These days I am working on many languages like Vietnamese, Dutch, Thai apart from Indian languages. Now the Chinese turn comes. I was always interested to know more about China for different reasons. Some of them are China is a neighboring country of mine, recent political disturbances between China and India, more news about China saving the world from recession, Super Emerging power blah blah. I always wonder why there is such a economic gap between India and China. Is it because of the political system adopted by India (democracy) and China (communism) or is it because of the nature of people or is it something else. Anyways we have many things to learn from China and there is a long way to go. I am not against India or China. I feel China and we are more related in terms of culture, relations, religious cultures etc but there is a huge gap in Technology. One good thing was that IT in India is on par (or above) with China. Rather than fighting, I think we should help each other more so that two huge global powers rise.
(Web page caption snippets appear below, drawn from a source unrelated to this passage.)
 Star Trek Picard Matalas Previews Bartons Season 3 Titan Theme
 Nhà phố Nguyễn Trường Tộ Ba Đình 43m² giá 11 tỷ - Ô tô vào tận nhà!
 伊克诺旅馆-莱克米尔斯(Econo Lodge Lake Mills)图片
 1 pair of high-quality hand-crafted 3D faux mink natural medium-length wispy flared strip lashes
Ahh.. As far as I am concerned (as a NLP researcher), my goal is to learn a bit of Chinese language structure and collect the biggest Chinese language corpora ever made so that my name is scribed on golden walls of Chinese history ;)
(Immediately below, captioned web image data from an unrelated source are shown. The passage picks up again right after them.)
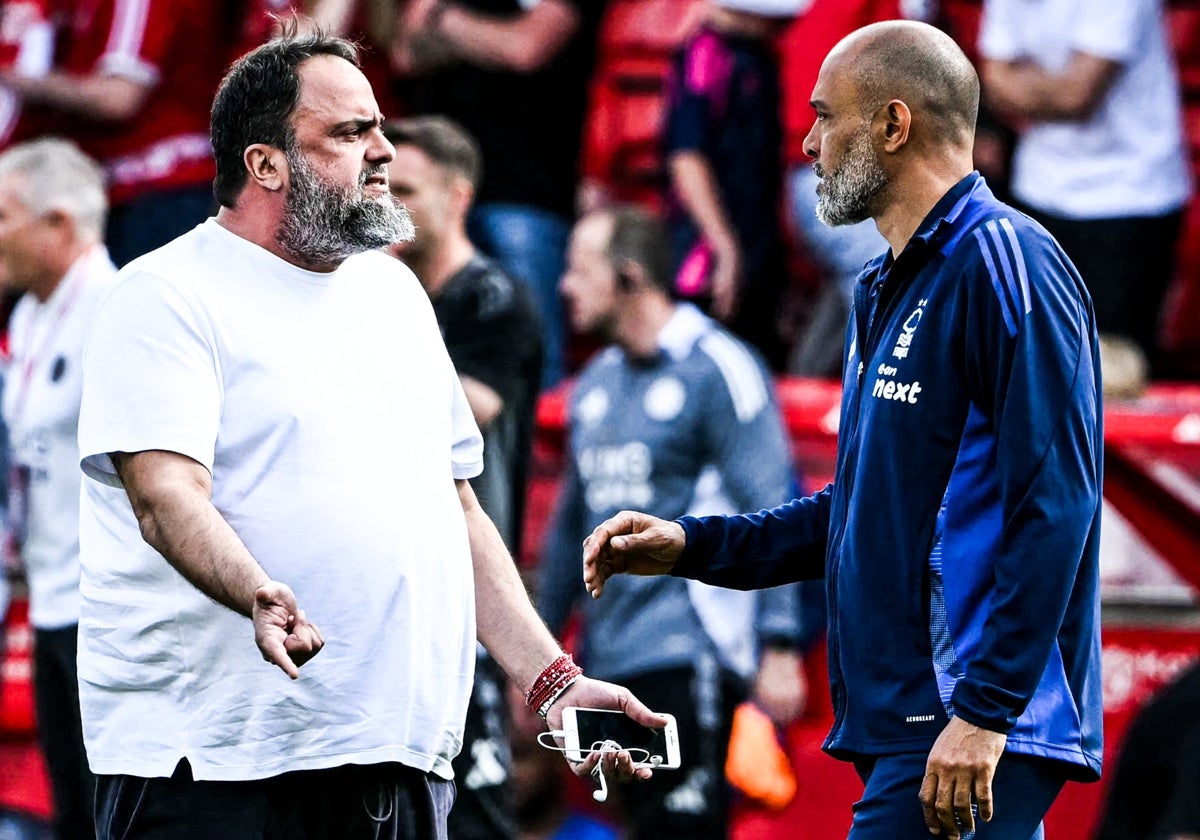 Marinakis (izquierda) abronca a Nuno Espirito Santo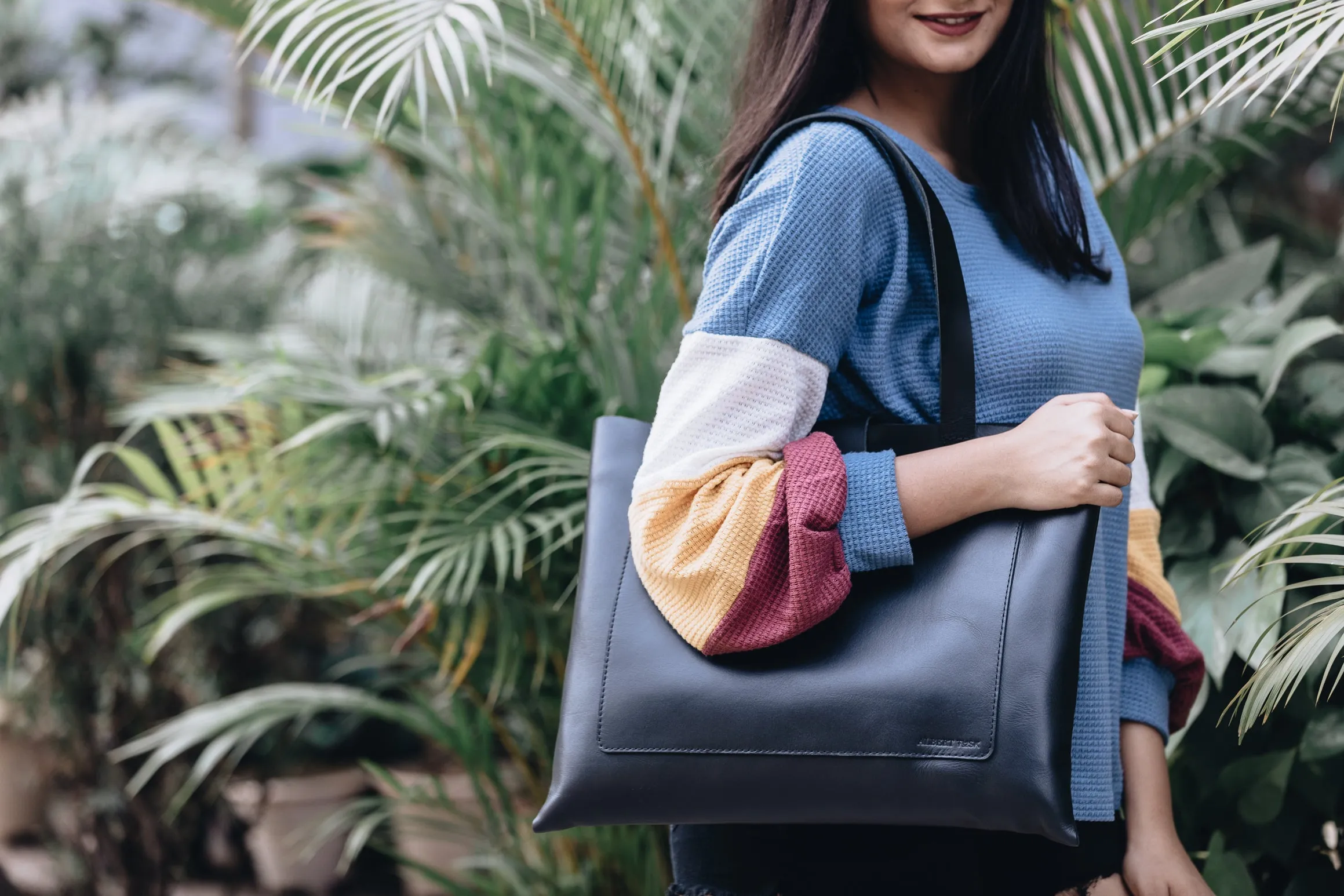 The Flat Tote
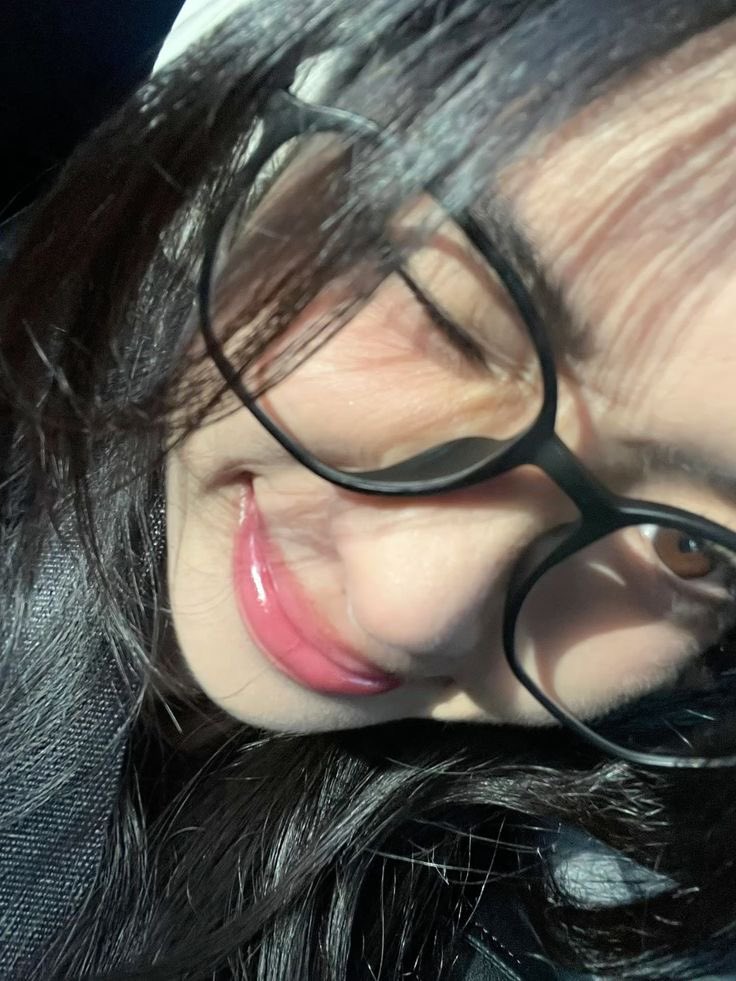 Absen 28/02/2025

Selamat pagi dunia, selamat hari Jumat. Absen kali ini saranin aku lagu yang biasa kalian denger di pagi hari biar semangat menjalani Hari dong. Oiya sama tunjukan muka cakep kalian itu ya. 🤭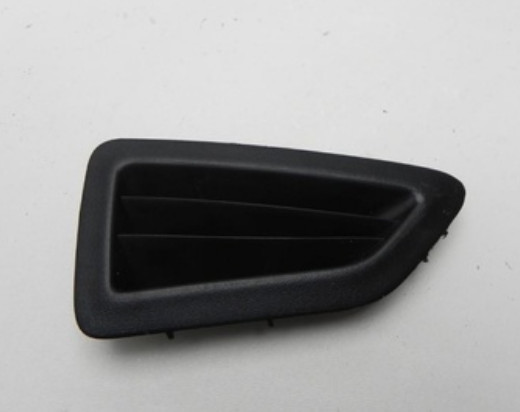 Решетка обдува левая Ford Fiesta MK7  2011 хэтчбек 1.3 Бензин Харьков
Let me highlight that An educated Chinese uses about three to four thousand characters ( I was amazed to know this. OMG!!) Ok, let me tell you more about Chinese (in formal words).
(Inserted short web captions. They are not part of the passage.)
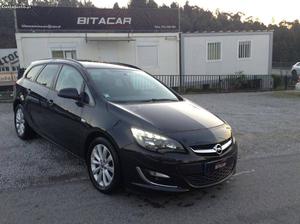 Opel Astra ST 1.7 EXCUT 130CV Junho/12 - à venda - Ligeiros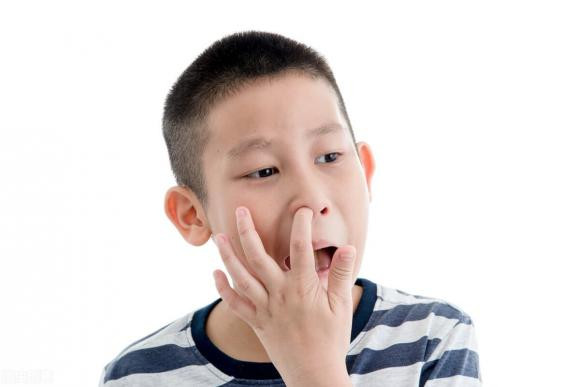 Bé trai ngoáy mũi đưa vi khuẩn vào não, thói xấu dọa giết người Be trai ngoay mui dua vi khuan vao nao, thoi xau doa giet nguoi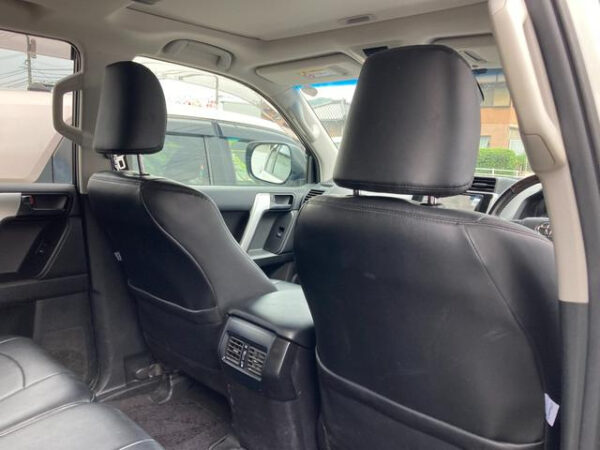 TOYOTA LAND CRUISER PRADO - Image 16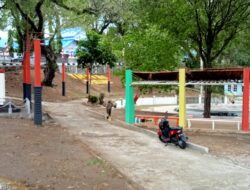 Sambut HUT ke-79 RI, Warga Kota Bawah Barat Sabang Bersihkan Taman Ria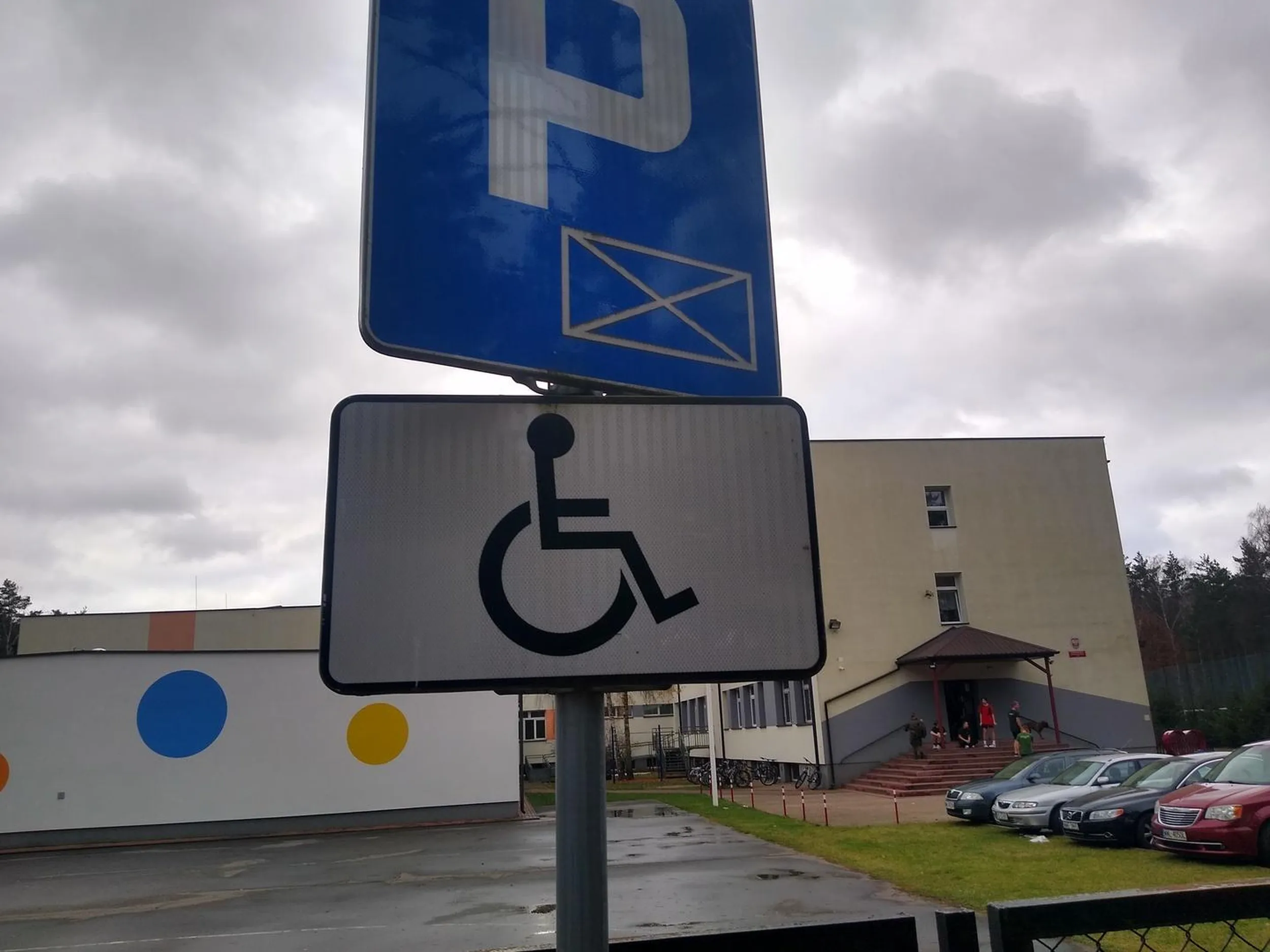 parkuje na miejscu dla niepełnosprawnych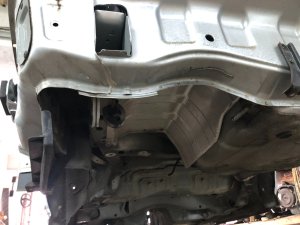 Rear body section Rear Cut SUBARU LEGACY LANCASTER OEM 51410AE160 51410AE170 52122AE100 BHE BH9 2002 SILVER/GREY 1U2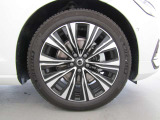 Ultra専用19インチアルミホイールを装備。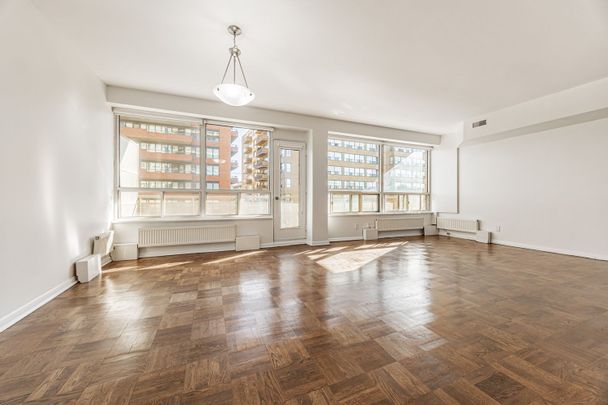 For Lease - 2500 Bathurst Street Unit# 306, Toronto, Ontario - Photo 1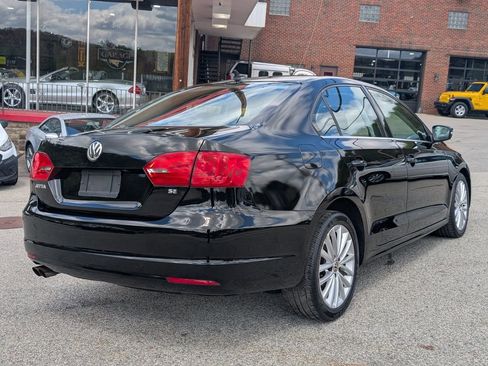 Used 2013 Volkswagen Jetta SEL image 8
Brief Introduction to Chinese

About one-fifth of the world’s population, or over one billion people, speak some form of Chinese as their native language. There are between seven and thirteen main regional groups of Chinese (depending on classification scheme), of which the most spoken, by far, are Mandarin (about 850 million), followed by Wu (90 million), Cantonese (Yue) (70 million) and Min (70 million). Some people call Chinese a language and its subdivisions as dialects, while others call Chinese a language family and its subdivisions as languages. The identification of the varieties of Chinese as "dialects" instead of "languages" is considered inappropriate by some linguists and Sinologists. This is mainly because most of these groups are mutually unintelligible (not understood without learning or much effort), although some, like Xiang and the Southwest Mandarin dialects, may share common terms and some degree of intelligibility.

Chinese Writing System

All the above varieties of Chinese have common writing systems. Traditional Chinese and Simplified Chinese characters are the two standard sets of printed Chinese characters (also called hanzi). Simplified Chinese character forms were created by decreasing the number of strokes and simplifying the forms of a sizable proportion of traditional Chinese characters. Simplified Chinese is mostly used in China (aka People Republic of China), Singapore and the United Nations whereas Traditional Chinese is used in Taiwan (aka Republic of China), Hong Kong and Macau. Debate on Simplified Chinese Vs Traditional Chinese can be found here.

Web and electronic presence of Simplified Chinese is estimated to be more than Traditional Chinese.

Pinyin is currently the most commonly used romanization system for Chinese. Even this is used on web extensively (Mostly by foreign language learners and recent generations). Currently, standard Mandarin is taught in schools with Pinyin writing system.

Chinese Morphology

The number of Chinese characters contained in the Kangxi dictionary is approximately 47,035, although a large number of these are rarely used variants accumulated throughout history. An educated Chinese uses about three to four thousand characters ( I was amazed to know this. OMG!!)

Chinese characters are morphosyllabic, each usually corresponding to a spoken syllable with a basic meaning. Chinese words are monosyllabic. However, a majority of words in Mandarin Chinese require two or more characters to write (thus are poly-syllabic) but have meaning that is distinct from the characters they are made from. So if we collect corpora of size two billion characters, it might be equal to one billion word corpora approximately.

Chinese has few grammatical inflections -- it possesses no tenses, no voices, no numbers (singular, plural; though there are plural markers, for example for personal pronouns), and only a few articles (i.e., equivalents to "the, a, an" in English). There is, however, a gender difference in the written language.

Chinese features Subject Verb Object (SVO) word order. Words are not separated by spaces which thus makes tokenization an important problem.

Chinese Encodings

Chinese character encodings can be used to represent text written in the CJK languages — Chinese, Japanese, Korean. Most common encodings used are

Guobiao (prefixed by GB) mainly used by Simplified Chinese (PRC's official encoding)
Big5 mainly used by Traditional Chinese (RC's official encoding)
Unicode for all. (Accepted by every community. Famous recently)
CP936 (GBK) and CP950 (Big5) [Microsoft's encodings]
Other encodings are also present but not that popular.

Problem is the large character set reservation for these languages. Around 40000 characters are needed to represent the complete language. I am not going into those details.

Conversion from Traditional Chinese to Simplified is easy (many to one) but the reverse is quite difficult (one to many) and depends on the context. Most of them have been resolved now. Unicode to other conversions is very easy.

I hope this is helpful to some of you. And lemme know your views.